## TASK GOAL
After dropping the pictures, give again exactly the lines of the data from its first line through the line with "Iets waar al", which is included as well.

**** DATASET CONTENT ****

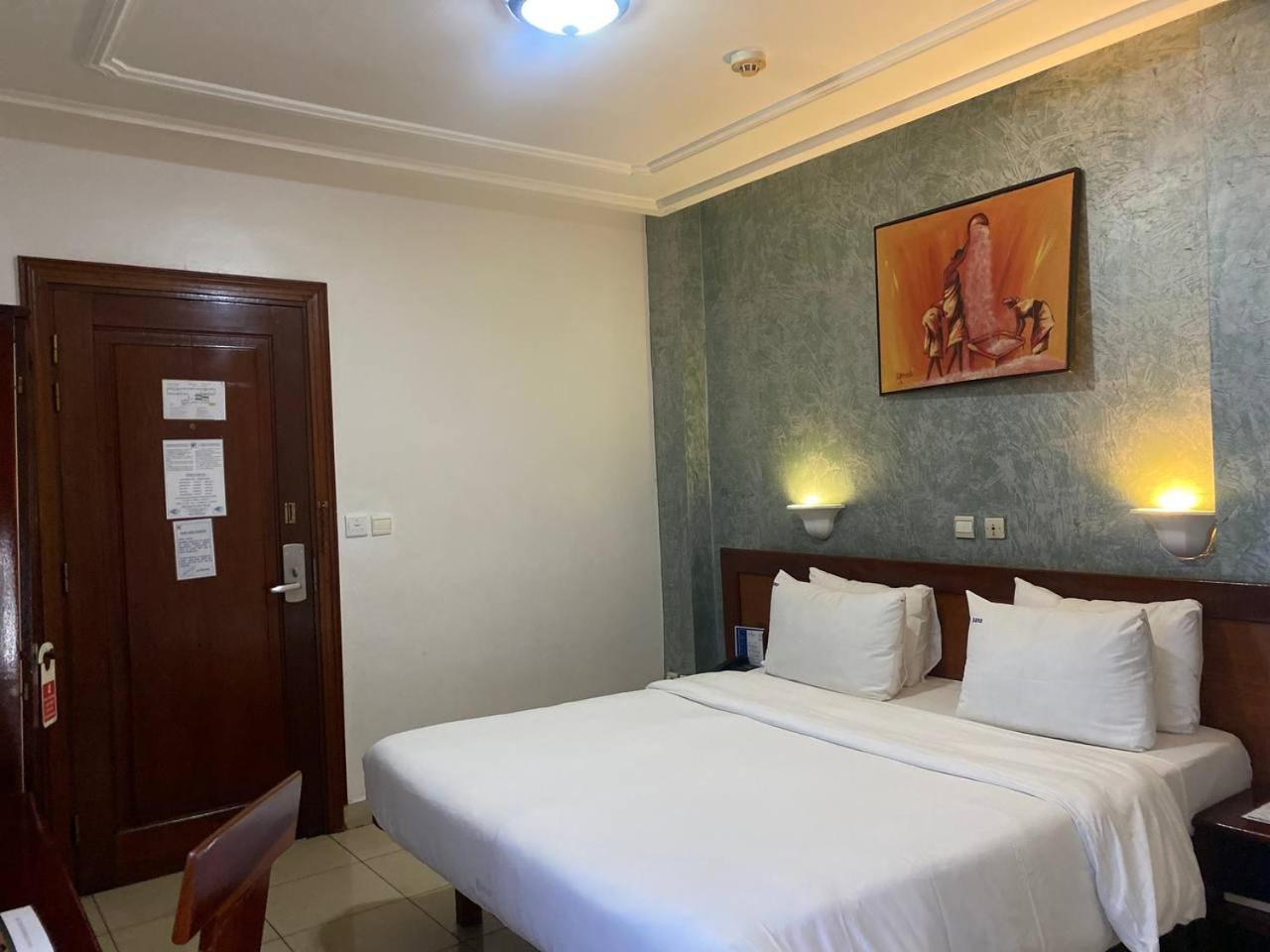 Bano Palace Hotel Douala Exterior photo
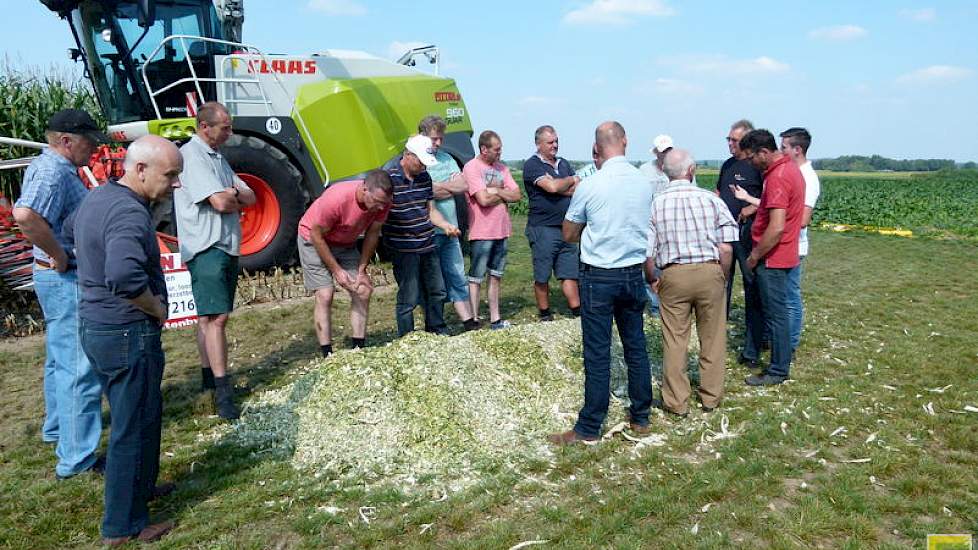 Iets waar al veel over is geschreven, is shredlage. Dit kon uiteraard niet ontbreken op de innovatiedag. Grove stukken plant en toch een fijngemalen korrel is het resultaat. De veehouders discussiëren met elkaar of de kosten echt terug worden verdient. Da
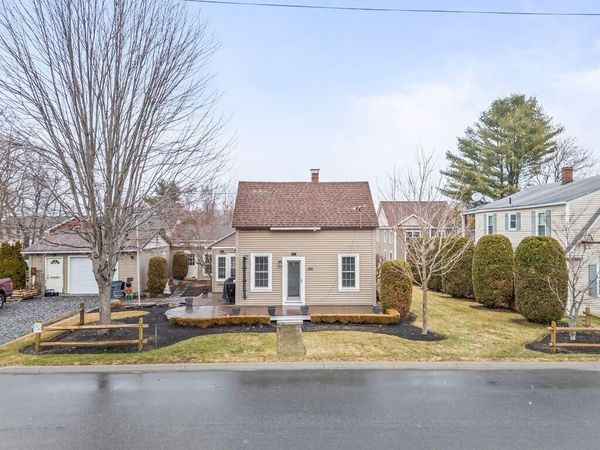 166 Warren Avenue , Lewiston, ME 04240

****

## THE COMPLETED TASK
 Bano Palace Hotel Douala Exterior photo
 Iets waar al veel over is geschreven, is shredlage. Dit kon uiteraard niet ontbreken op de innovatiedag. Grove stukken plant en toch een fijngemalen korrel is het resultaat. De veehouders discussiëren met elkaar of de kosten echt terug worden verdient. Da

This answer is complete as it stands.